Romania Today
This piece explores what it was like to live in the dreary and repressive clutches of a communist dictatorship.
"I've always wondered what democrats who grew up in communist countries thought of communists who grew up in democratic countries. Hardly anyone in the West ever voted with their feet, so to speak, by moving to a communist country, but communist dictatorships created millions of refugees who fled their homelands for Western democracies. East Germans were willing to risk being shot to make a run over the wall, Cubans are still willing to risk drowning to reach Florida, yet once in a while I still meet Westerners who have a warm spot in their hearts for regimes like Castro's.Read the whole thing.
"What do you think," I asked her, "of people in the West who think communism is a good idea but haven't actually experienced it? There are quite a few people who admire the system in Cuba. You know the types I mean. The people who wear Che Guevara t-shirts....."
6 Comments:
The Romanian language is one of the Romance languages (like French, Italian, Spanish), and is closer to its Latin roots than the others.
Oh boy... I mean oh, Louise - you should have just asked me... I can go on like that Energizer bunny about that commie paradise.
Re them Che T-shirts: I would apply some instant glue and make them stuck forever with these...
Cheers.
Barb, you beat me to it! I guess one thing I could add is that "Romance" has no amorous connotations - and refers rather to "Romanish", as you say, derived from Latin.
Do tell! I'm very curious. Romania always struck me as a very backward country, but then again, for most of my life it was behind the Iron Curtain.

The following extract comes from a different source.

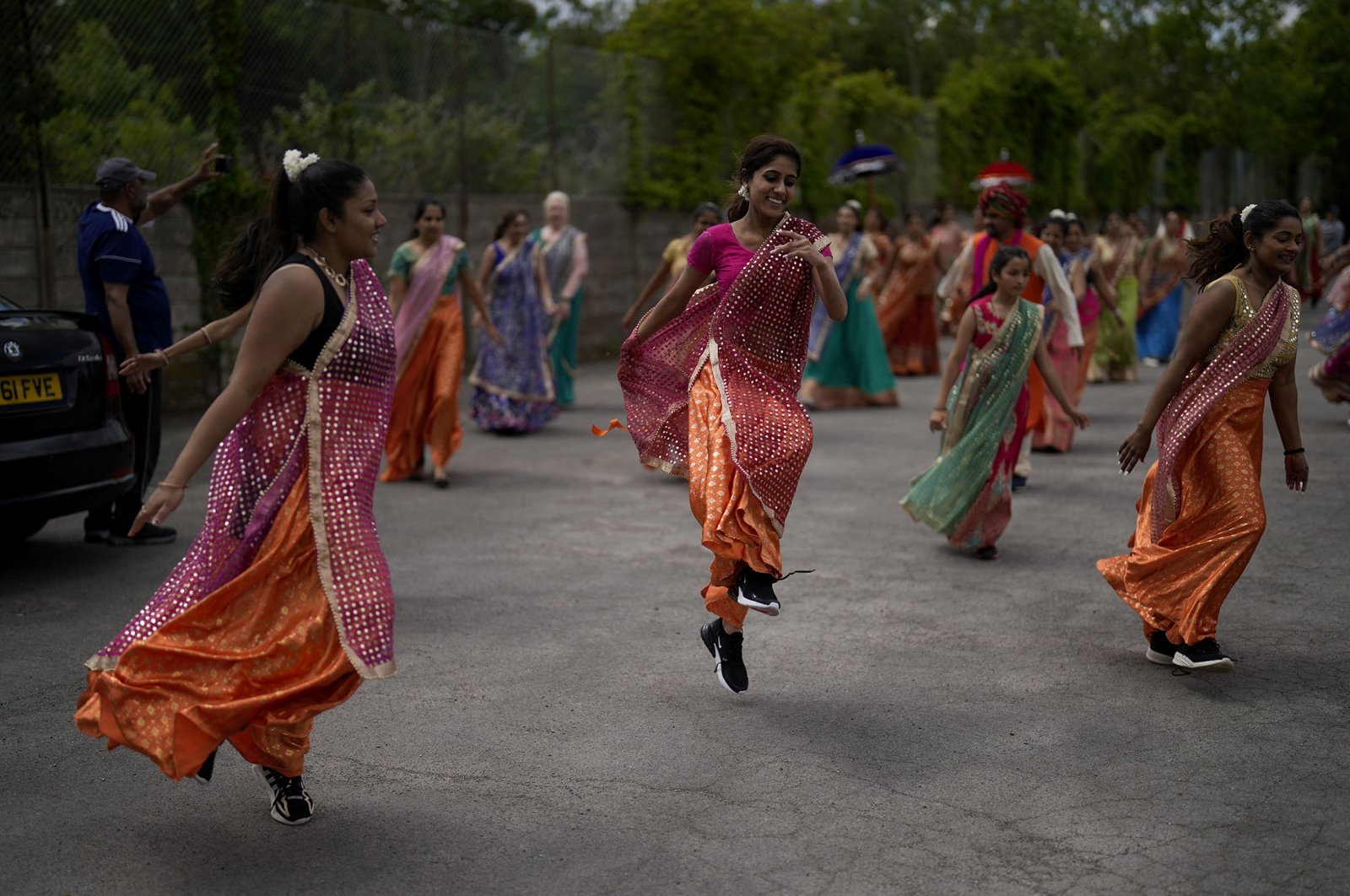 Performers take part in a rehearsal for their upcoming Bollywood-style performance entitled "The Wedding Party," at Northolt High School, in north west London, U.K., May 29, 2022. (AP Photo)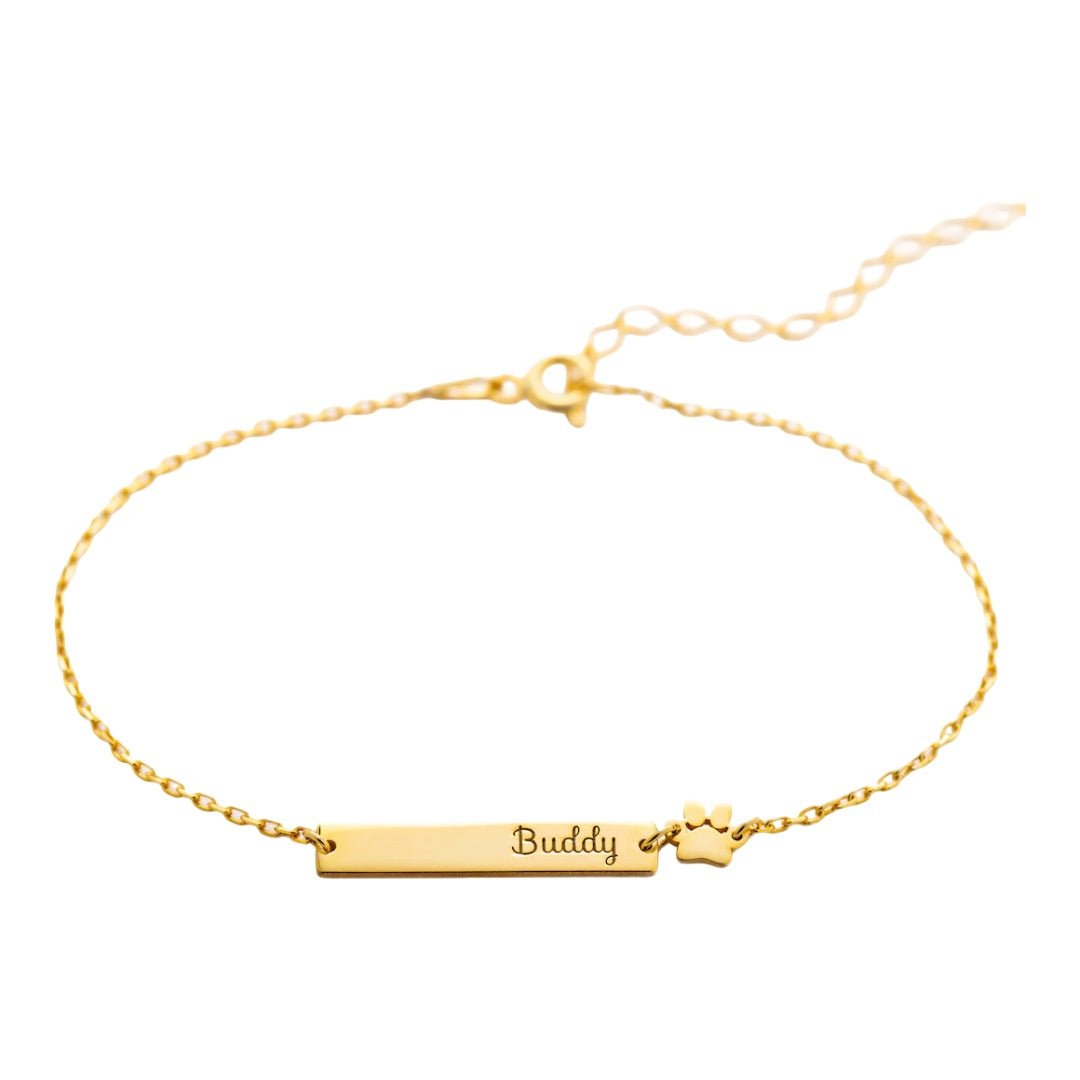 Bracelet fin doré avec plaque gravée "Buddy" et motif patte d'animal en acier inoxydable.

One of the saddest things in the article is a description, with photos, of what the commies did to the architecture in the old cities. Soviet style architecture, as you likely know, was an insult to the senses.
But then again, whenever I read about Transylvania, I think of Dracula.
Oh. And the glue thing. Don't forget to glue the Mickey Mouse ears on, too. I don't think a picture of Che is complete without those.
I had always assumed it referred to the Romani people from India.